“Challenging” behaviour – my targets for myself

I’m at the end of the first half term of my third year of teaching. If you asked me in my NQT year, I would have thought by this point my behaviour management would be excellent. I know now that everyone struggles with behaviour to some extent, but over the past few weeks some of my lessons have been so heavily disrupted by off-task and rude students that some nights I can’t sleep because of the worry that I’m letting people down.

 

Yesterday I talked it over with my other half, who reminded me of the attitude that I had in my NQT year and should have now. The challenges are part of the job and I just need to be proactive about overcoming them, not get depressed simply because they exist. Consequently, on Saturday I wrote a to-do list on Evernote regarding how to improve the behaviour for learning in Monday’s lessons, which I’ve listed below. Saturday night I slept much better. Sunday I worked through the list. Monday…

 
…it’s a work in progress. Importantly though, I feel like I’m doing something about the situation.

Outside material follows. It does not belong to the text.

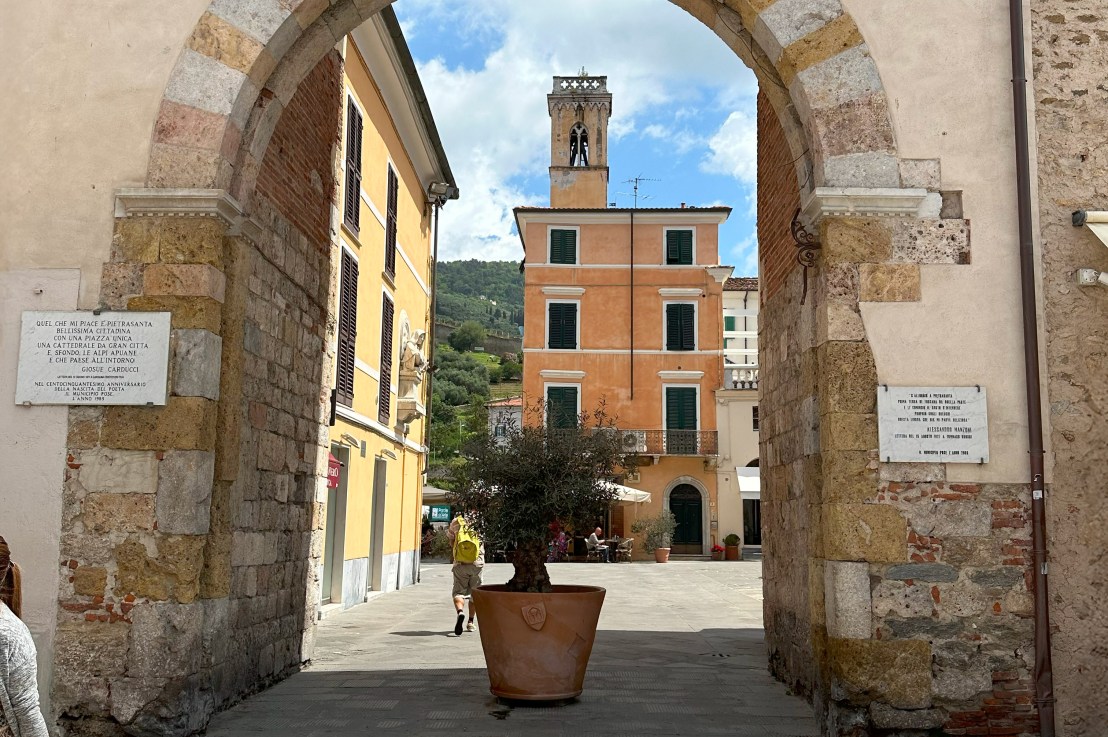 Viareggio, Pietrasanta, Sunsets, Art, Friends and Buti (31/05-02/06/2024)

Hopefully that means I’m doing my job.
 
  • Email a teacher that has the same class to organise a time when I can observe their lesson and see what works in other subjects 
  • Call home for students whose behaviour and effort have been less than satisfactory and inform parents
  • Call home for students that have exceeded expectations in terms of effort (there are a few)
  • Email the AST at my school to organise a meeting where I can discuss the problems and ask for advice
  • Plan some more interesting activities in lessons, even if just setting aside 15mins for Science Key Word Taboo or Pictionary
  • Differentiate down for more activities, to make the learning more accessible, build confidence, and reduce off-task behaviour that results from work being too hard.
  • Book a time to check their books every week, to allow me to reward good effort more often and follow up on inadequate effort. 
  • More regularly choose some ‘Student Learning Monitors’ – responsible students that peer-assess progress.
  • Identify students doing well (e.g. from learning monitors) and write positive notes in planners
  • Design new seating plan
  • Plan significant plenaries for every lesson and stick to it – include a review of behaviour/effort in each one
  • Plan to show off good work/progress in plenaries too.